What I've been up to
I have been on the road! Again! I hit 4 countries in 8 days (France! Netherlands! Ireland! Scotland!) and then went back to London a few days later just for fun. Why? I was giving internal keynotes for companies and events in each of these places. I was lucky enough to give one of the few external keynotes at Aviv Group’s product and tech summit in Paris. Later in London, I spoke at Workboard’s first European Accelerate event on the benefits of OKRs in the product planning process.
I also managed to have a bit of fun catching two shows from one of my favorite bands, The National, while in Dublin and again in Edinburgh. Dad rock FTW!
For the rest of the year I’ll be delivering work from home. We’re booking up into Q1 and Q2 of 2024 now. If you’d like to work with me on OKRs, Lean UX, Product Management training or a fun, inspirational in-house keynote get in touch now. We’ll lock in 2023 rates for delivery in 2024. Just hit reply to this email or send directly to [email protected].
Watch, Listen, Read
Watch: Ahsoka on Disney+ – The latest Star Wars spinoff is…well…just ok. I mean, look, it's sci-fi, so I’ll watch it. It starts slowly and eventually builds up to leave you on a cliffhanger that won’t get resolved for at least a year. Additionally, some of the acting is meh, at best, even though one of the actresses in the show is Mary Elizabeth Winstead, the legendary Ramona Flowers.
Listen: Frank Turner – Are there a million people out there with an acoustic guitar singing songs about their life? Yep. Frank Turner is my top guy in this genre.
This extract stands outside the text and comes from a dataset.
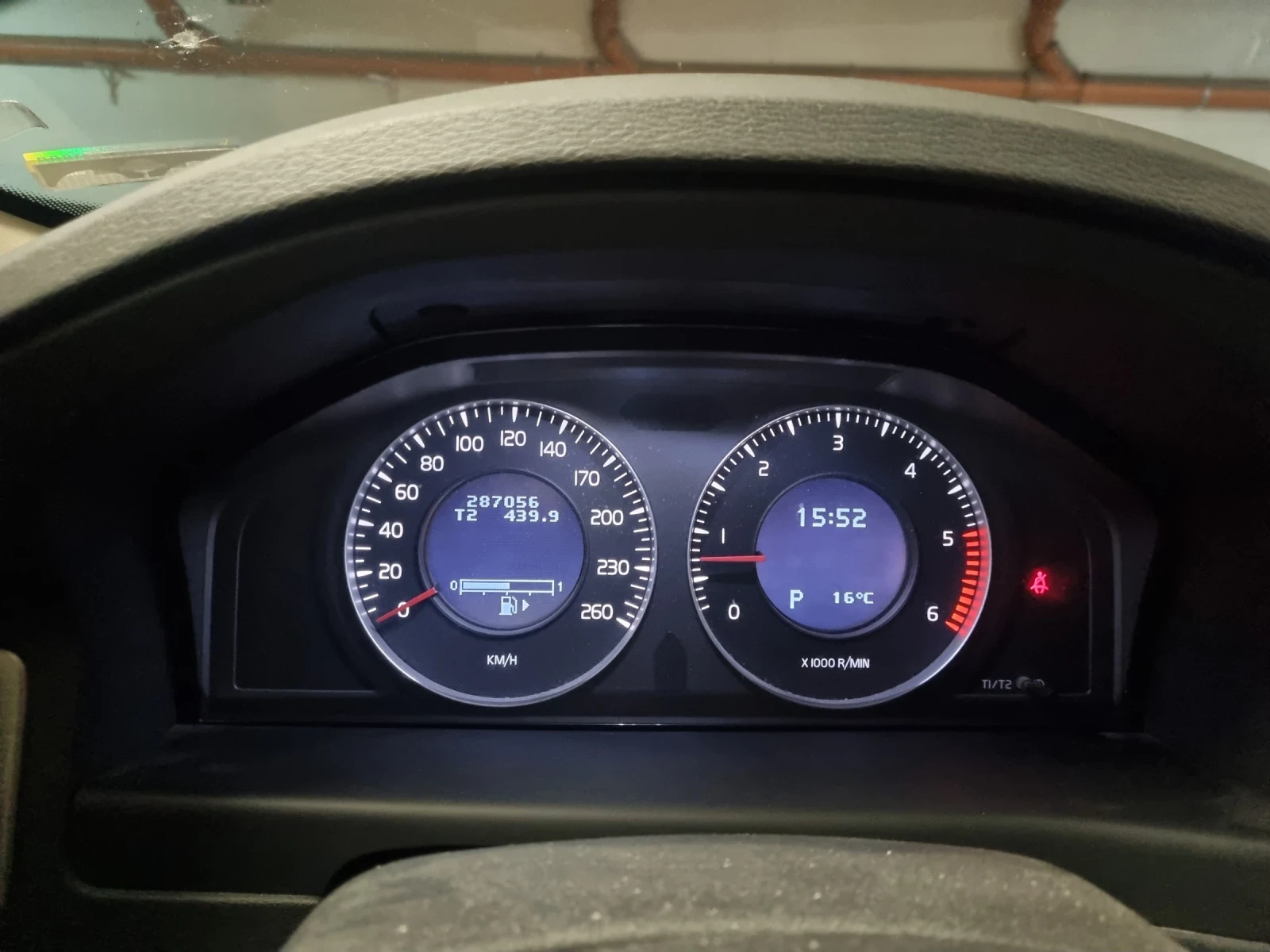 Volvo Xc70 D5 AWD - изображение 2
Saw him play this past week and had a blast. Has hints of punk rock, Irish traditional and just straight ahead rock n roll.
Read: The Service Organization by Kate Tarling – Not only is Kate brilliant and highly experienced, she’s generous with the case studies in this book. For me, I’m always interested in examples of organizations, especially public ones, managing to outcomes. There are several good case studies in this book.